Problem to work on
Set every entry down again, unchanged, picture-free.

Information provided

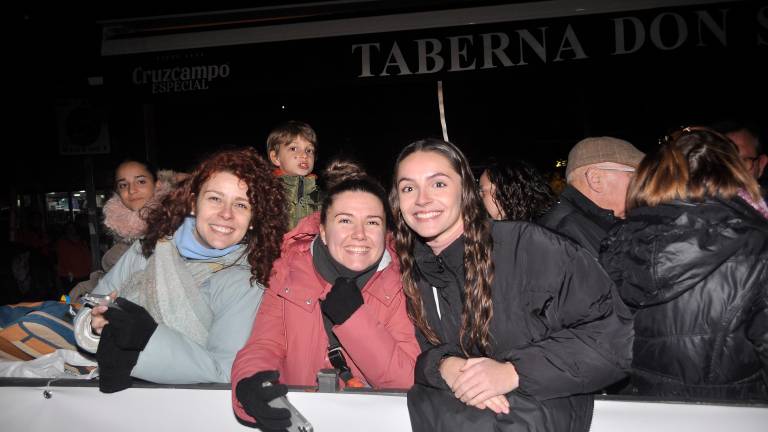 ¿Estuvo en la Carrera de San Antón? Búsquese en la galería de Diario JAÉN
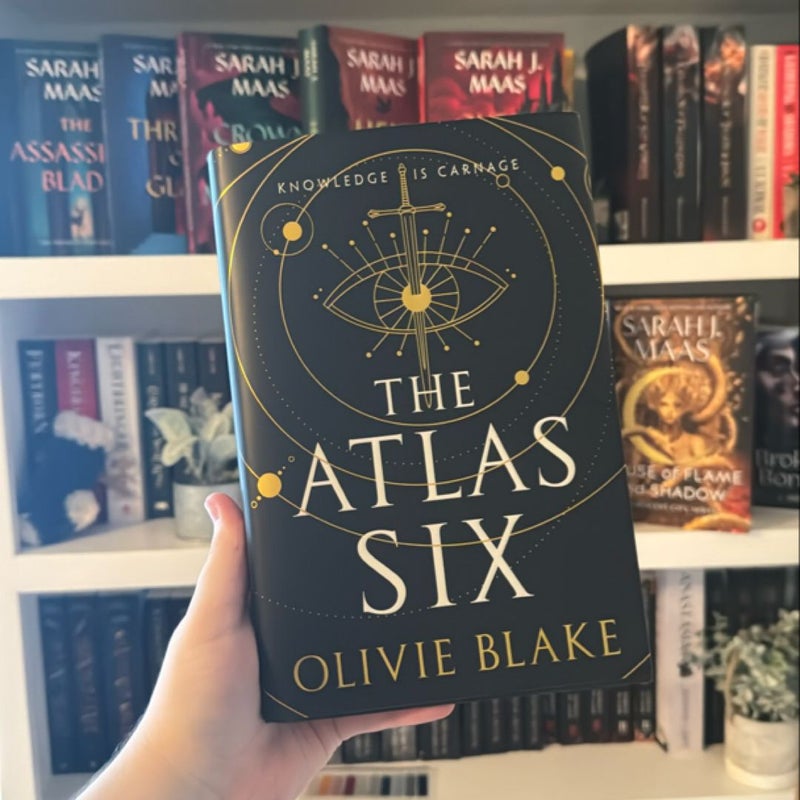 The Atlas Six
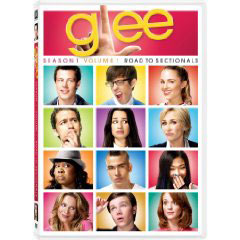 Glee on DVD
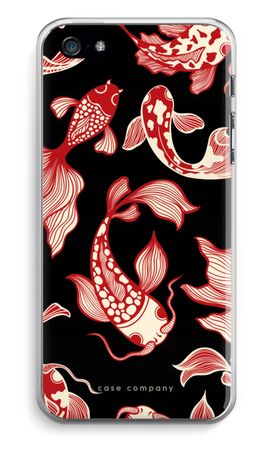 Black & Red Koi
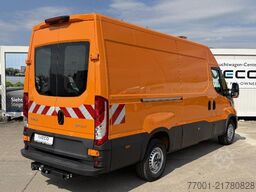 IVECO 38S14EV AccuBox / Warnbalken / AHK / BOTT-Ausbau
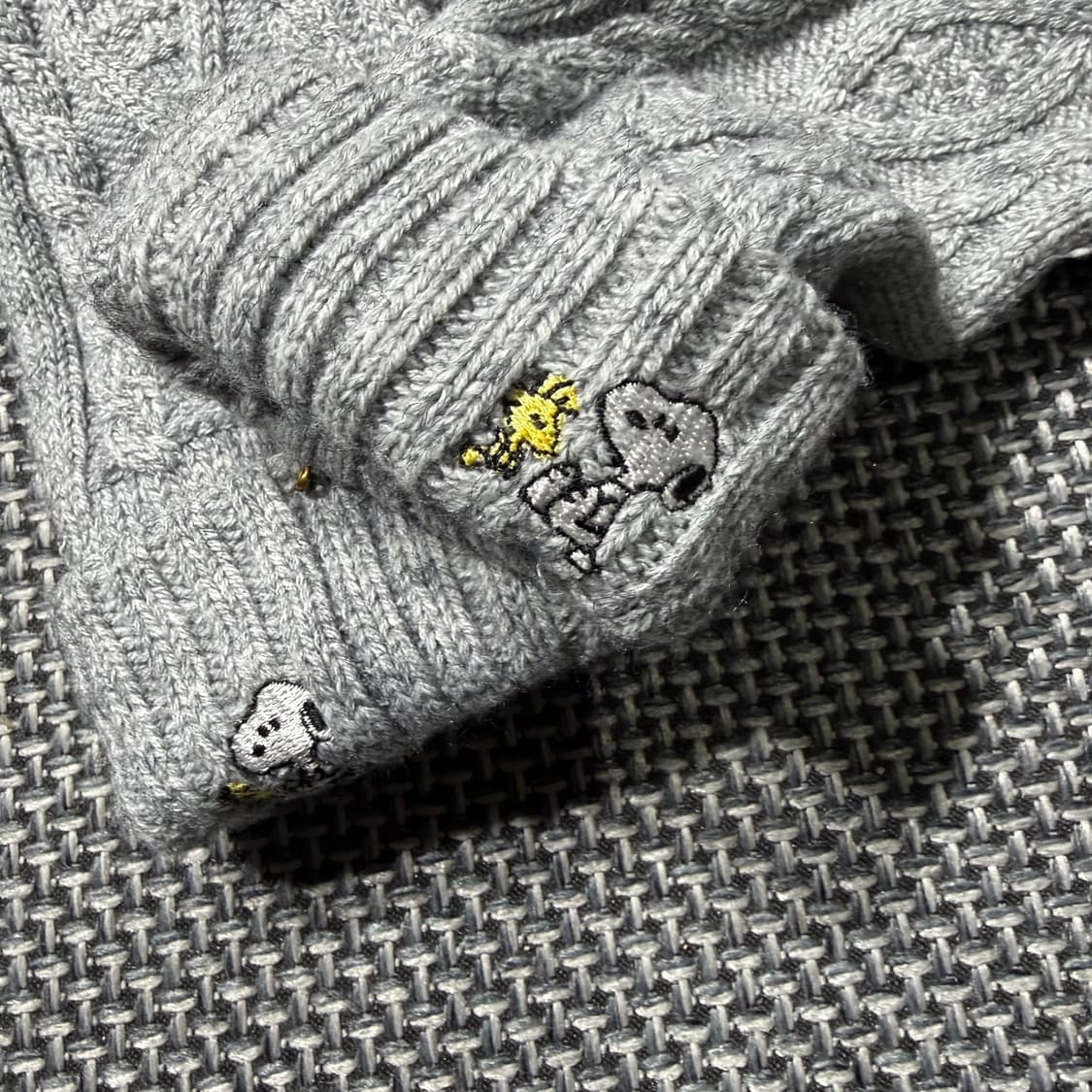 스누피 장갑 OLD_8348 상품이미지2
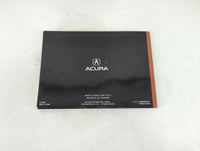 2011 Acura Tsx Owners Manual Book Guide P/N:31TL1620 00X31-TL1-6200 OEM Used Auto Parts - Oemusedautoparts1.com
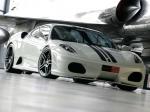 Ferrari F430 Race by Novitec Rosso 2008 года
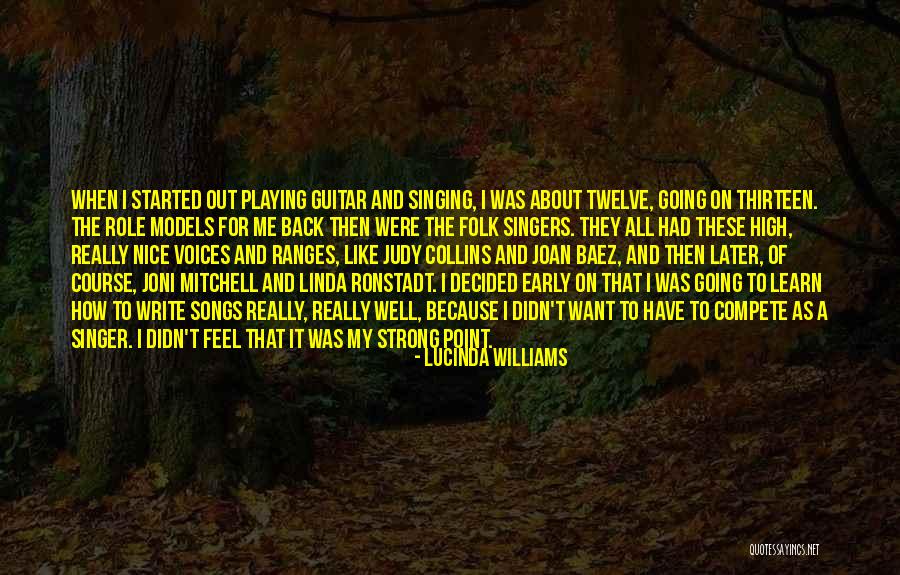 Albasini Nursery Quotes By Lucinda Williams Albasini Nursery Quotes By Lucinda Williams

Response
 ¿Estuvo en la Carrera de San Antón? Búsquese en la galería de Diario JAÉN
 The Atlas Six
 Glee on DVD
 Black & Red Koi
 IVECO 38S14EV AccuBox / Warnbalken / AHK / BOTT-Ausbau
 스누피 장갑 OLD_8348 상품이미지2
 2011 Acura Tsx Owners Manual Book Guide P/N:31TL1620 00X31-TL1-6200 OEM Used Auto Parts - Oemusedautoparts1.com
 Ferrari F430 Race by Novitec Rosso 2008 года
 Albasini Nursery Quotes By Lucinda Williams Albasini Nursery Quotes By Lucinda Williams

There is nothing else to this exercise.